12. The non-transitory computer readable medium of claim 11, wherein the step of computing
an updated system state vector based at least in part on the first system state vector
estimate, the body angular velocity vector measurement, and the implement angular
velocity vector measurement is performed by an extended Kalman filter procedure.
13. The non-transitory computer readable medium of claim 11, wherein:
the representation of the first relative attitude estimate corresponding to the first
time instant is a quaternion;
the method further comprises the step of updating a value of a quaternion norm to
1; and
the step of computing an updated system state vector based at least in part on the
first system state vector estimate, the body angular velocity vector measurement,
and the implement angular velocity vector measurement is further based at least in
part on the updated value of the quaternion norm.
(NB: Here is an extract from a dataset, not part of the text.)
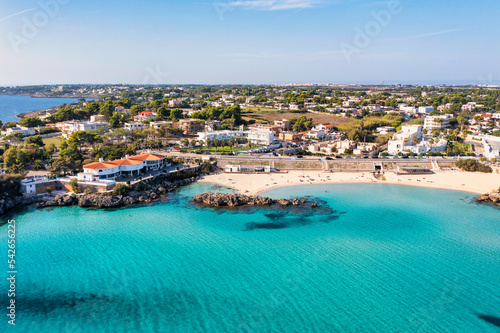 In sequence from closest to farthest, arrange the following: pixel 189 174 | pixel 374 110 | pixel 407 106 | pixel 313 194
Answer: pixel 313 194
pixel 189 174
pixel 374 110
pixel 407 106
14. The non-transitory computer readable medium of claim 11, wherein:
the method further comprises the step of determining that a relative angular velocity
of the implement with respect to the vehicle body has a zero value; and
the step of computing an updated system state vector based at least in part on the
first system state vector estimate, the body angular velocity vector measurement,
and the implement angular velocity vector measurement is further based at least in
part on the relative angular velocity with the zero value.
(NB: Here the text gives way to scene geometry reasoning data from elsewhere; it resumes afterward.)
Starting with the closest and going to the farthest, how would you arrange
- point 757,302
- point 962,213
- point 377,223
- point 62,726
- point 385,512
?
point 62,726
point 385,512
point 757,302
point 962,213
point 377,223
15. The non-transitory computer readable medium of claim 11, wherein:
the at least one body gyro mounted on the vehicle body is selected from the group
consisting of:
one body gyro mounted on the vehicle body;
two orthogonally-mounted body gyros mounted on the vehicle body; and
three orthogonally-mounted body gyros mounted on the vehicle body; and
the at least one implement gyro mounted on the implement is selected from the group
consisting of:
one implement gyro mounted on the implement;
two orthogonally-mounted implement gyros mounted on the implement; and
three orthogonally-mounted implement gyros mounted on the implement.